Live at the House of Blues [12-inch] (2014)

Kung Fu Records

As even the Circle Jerks themselves admitted on their My Life as a Jerk DVD, the banded started out with a bang, releasing a 1-2-3 combo of pure classics. But then, the three follow up records didn’t quite pack the punch of that 80-83 classic run. That’s not to say that Wonderful, VI, and Oddities didn’t have classics. It’s just that they didn’t rip by in the blink of an eye like Group Sex or “Jerks on 45.”

But, quite paradoxically, while the second half of the band’s discography isn’t as strong as the first, the entire time, the band grew stronger and stronger as a live act. So much so, that many people consider 1992’s Gig not only the definitive Circle Jerks release, but the definitive punk rock live album.

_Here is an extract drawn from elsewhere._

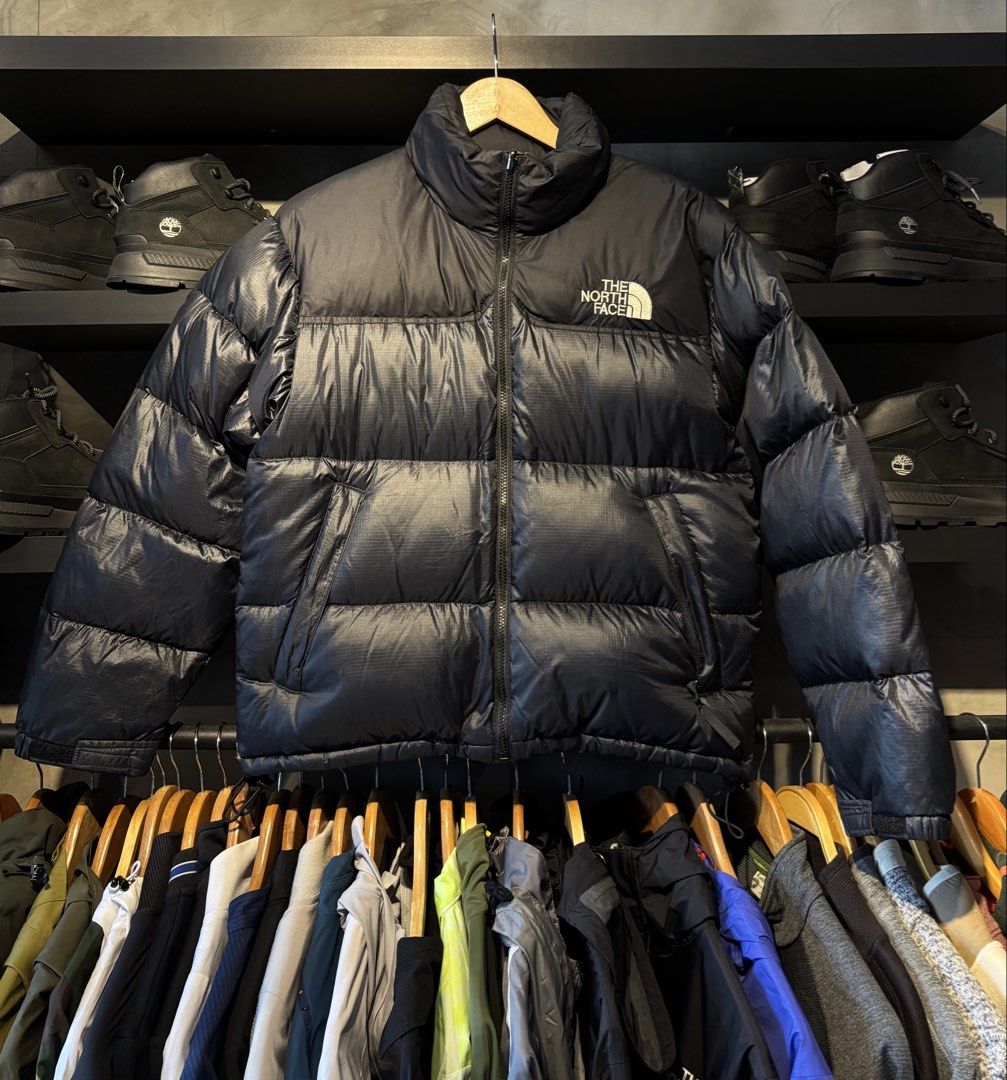 The North Face 1996 Retro Nuptse Jacket (Category: Coats, Jackets and Outerwear) located in San Fernando. Submitted by kayemanalac_05 (Listing ID 1469297014, Image 2). Description: Length 24 Width 21.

And then along comes Live at the House of Blues which shows that the band’s trend of getting better live didn’t end at Gig. Recorded in 2004 (and previously released as a live DVD) Live at the House of Blues shows that somehow, the band was at its live best as it was grinding to a halt.

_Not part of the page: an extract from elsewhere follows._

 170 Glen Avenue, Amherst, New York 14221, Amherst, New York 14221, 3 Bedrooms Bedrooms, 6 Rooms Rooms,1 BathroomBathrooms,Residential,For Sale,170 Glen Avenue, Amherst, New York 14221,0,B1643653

Vocalist Keith Morris is in top form. His jagged voice accentuates the barbed lyrics as he shifts between a nihilistic teenager on tracks like “Beat Me Senseless,” an agit-prop punk on “Deny Everything” and a sort of worldly philosopher on “Stars and Stripes.” Somehow, despite that the recording dates a quarter century after the Circle Jerks formed, Morris is as fiery as ever and for the most part, sounds like he just wrote these lyrics yesterday.

Likewise, guitar Greg Hetson betrays his first (or second) West Coast punk pedigree. Although the arrangements are fairly faithful to the studio recording, Hetson plays it face and loose, sacrificing specificity for energy. A lot of the early punkers have focused on getting the music “just right” as their skill improves. That’s not to say that Hetson hasn’t progressed his skill, but here, he understands that the main well of the Circle Jerks power is wild, slashing guitar lines and he nails it. Bassist Zander Schloss keeps the low end heavy (in fact, heavier than the studio versions) which gives the songs some real muscle live. Mirroring Hetson’s wanton approach, Kein Fitzgerald really keeps these tunes moving along and really, that might be why these tunes rock so hard.

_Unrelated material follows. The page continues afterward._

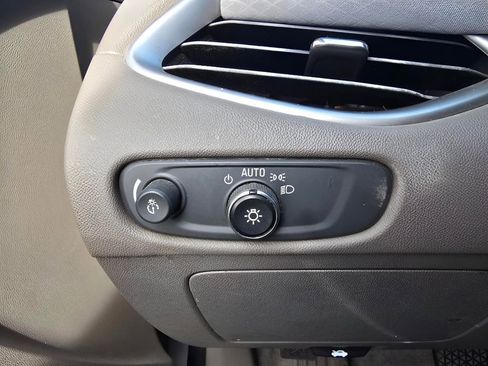 Used 2018 Chevrolet Malibu LS image 18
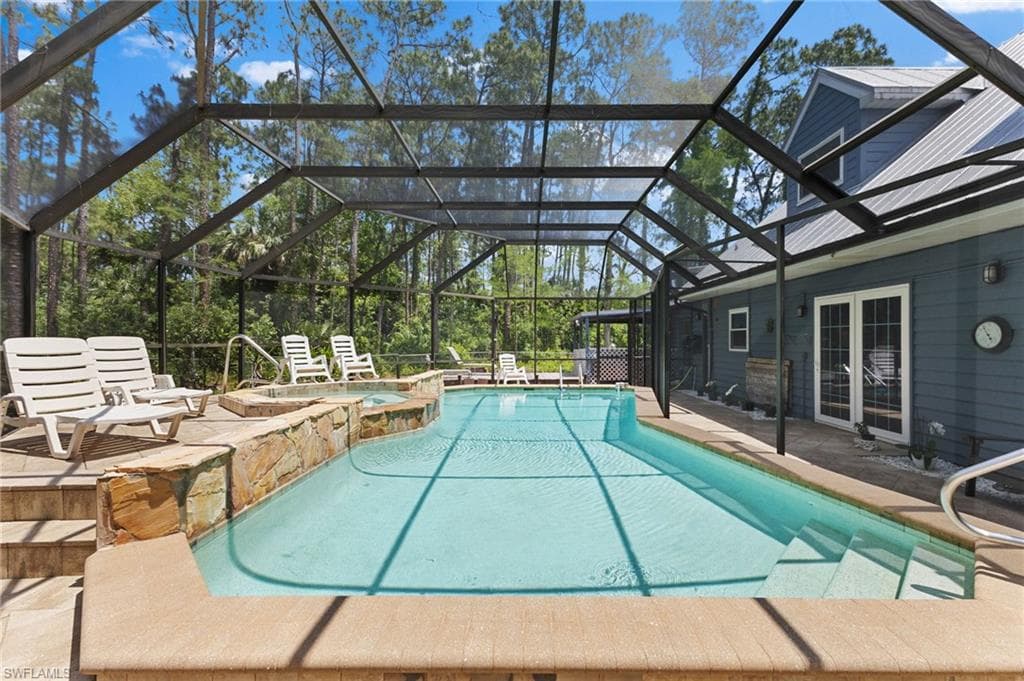 4925 Boxwood WAY NAPLES, FL 34116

As is his style, Morris can’t resist engaging the audience. You can hear how frustrated he gets when he tries to explain punk rock history to the audience and one “fan” shouts back “just play some music!” Much like a stand-up comic, Morris immediately zeroes in on the loudmouth and begins to question berate him to see of he has a curfew. One wonders if Morris is having fun on this release (it sounds like it during the songs themselves) and just gets annoyed when people aren’t interested in what he has to say, or of he’s always annoyed, or of he’s having fun when he’s annoyed. Also, his routine on vasectomies is hilarious

The real treat of this record is the encore. Kicking off with a bit of punk history, the band covers "Solitary Confinement" by the Weirdoes, who are perhaps the first LA punk band. Next, the Black Flag/Jerks combo tune “Wasted,” gets a hyper-rendition. Then, they roll right into “Red Tape” before smashing out a “cover” of Black Flag’s “Nervous Breakdown,” making this the only official live recording of Morris performing what might be the greatest song ever written. And you know what? Ir’s every bit as great as you would think it would be.
(Also, is this a way of connecting the thematic influence of "Nervous Breakdown" to "Solitary Confinement?")

Even though this release previously existed as a DVD, an audio version is a much needed addition. You might watch a live DVD 2 or 3 times, but live albums have nearly unlimited replay. (It doesn’t hurt that the package is very nicely put together, with thick vinyl, chunky sleeves, and a download card). This concert was long overdue for its beatification. If one release should stand to represent the Circle Jerks for future generations, Live at the House of Blues is a fitting monument.